» **SUPPLIED MATERIAL**:
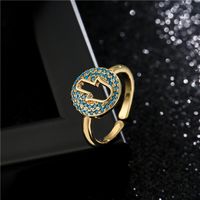 Fashion Hollow Palm Geometric Copper Inlaid Zircon Opening Adjustable Ring main image 1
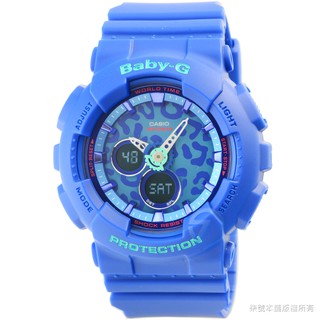 【CASIO】 卡西歐Baby-G 鬧鈴多時區雙顯錶-藍(台灣公司貨) / BA-120LP-2A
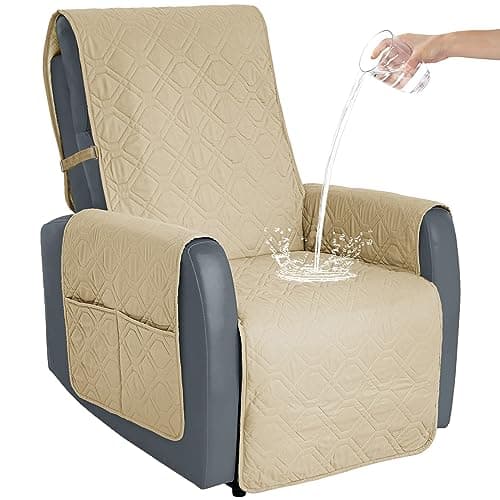 Ivory Non-Slip Recliner Chair Cover for 23inch Couch with Straps — Beige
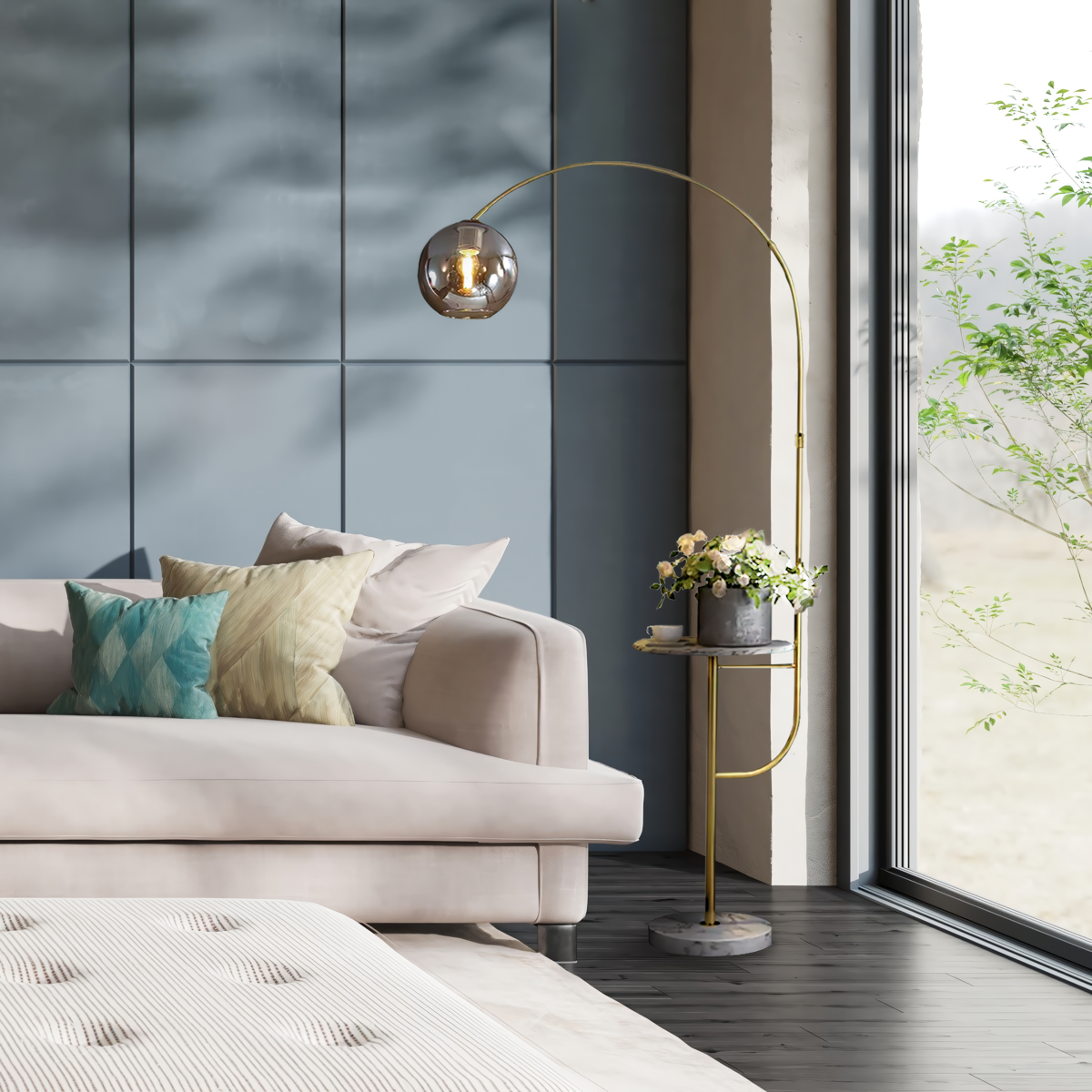 Swivel Dome Shade Golden Floor Lamp with Marble Table -Sofa | Siljoy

» **PROBLEM STATEMENT**: Retype all of the material above precisely as it reads. Pictures are not part of the copy.

» **RESULT OF THIS TASK**:
 Fashion Hollow Palm Geometric Copper Inlaid Zircon Opening Adjustable Ring main image 1
 【CASIO】 卡西歐Baby-G 鬧鈴多時區雙顯錶-藍(台灣公司貨) / BA-120LP-2A
 Ivory Non-Slip Recliner Chair Cover for 23inch Couch with Straps — Beige
 Swivel Dome Shade Golden Floor Lamp with Marble Table -Sofa | Siljoy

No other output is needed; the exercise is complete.